# Material provided
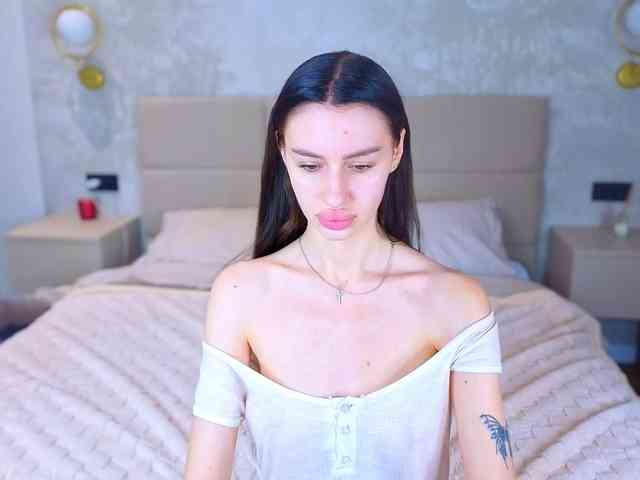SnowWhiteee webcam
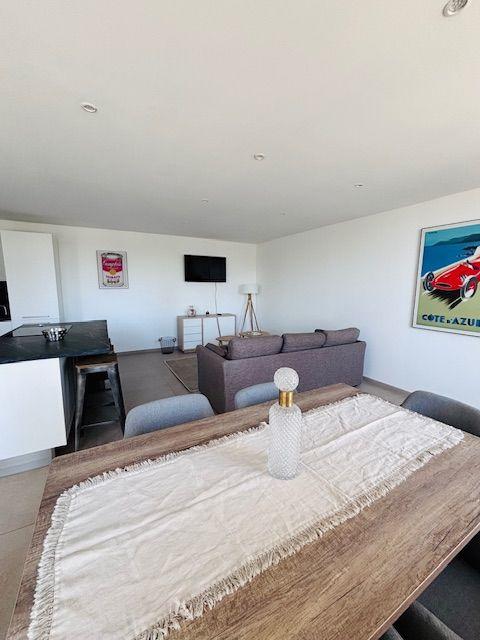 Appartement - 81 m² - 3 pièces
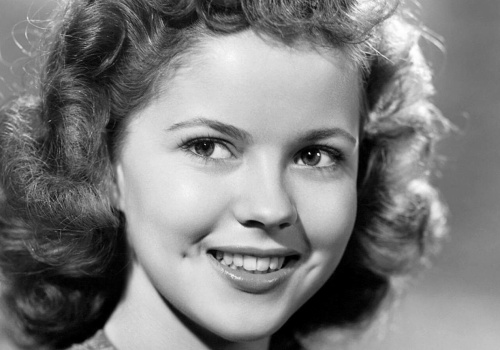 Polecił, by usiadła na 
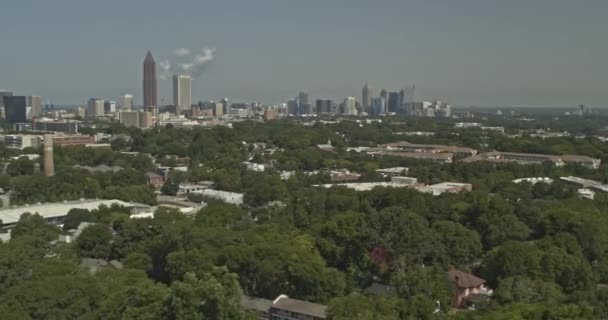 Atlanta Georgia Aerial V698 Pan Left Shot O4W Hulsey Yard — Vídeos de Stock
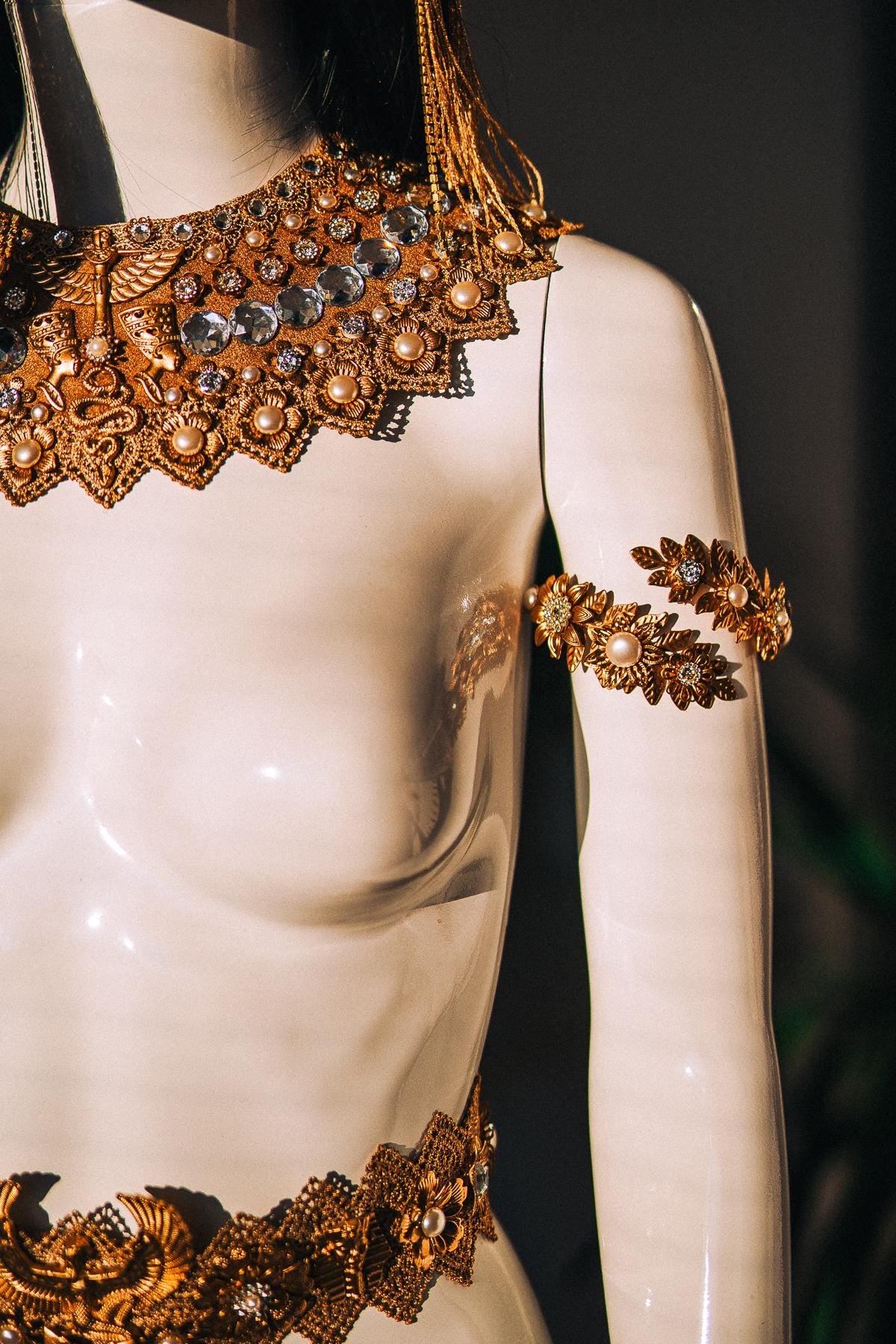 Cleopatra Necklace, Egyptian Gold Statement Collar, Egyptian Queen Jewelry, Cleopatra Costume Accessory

# Activity
We ask that the entries above be copied exactly, with the pictures omitted.

# Expected answer
SnowWhiteee webcam
 Appartement - 81 m² - 3 pièces
 Polecił, by usiadła na 
 Atlanta Georgia Aerial V698 Pan Left Shot O4W Hulsey Yard — Vídeos de Stock
 Cleopatra Necklace, Egyptian Gold Statement Collar, Egyptian Queen Jewelry, Cleopatra Costume Accessory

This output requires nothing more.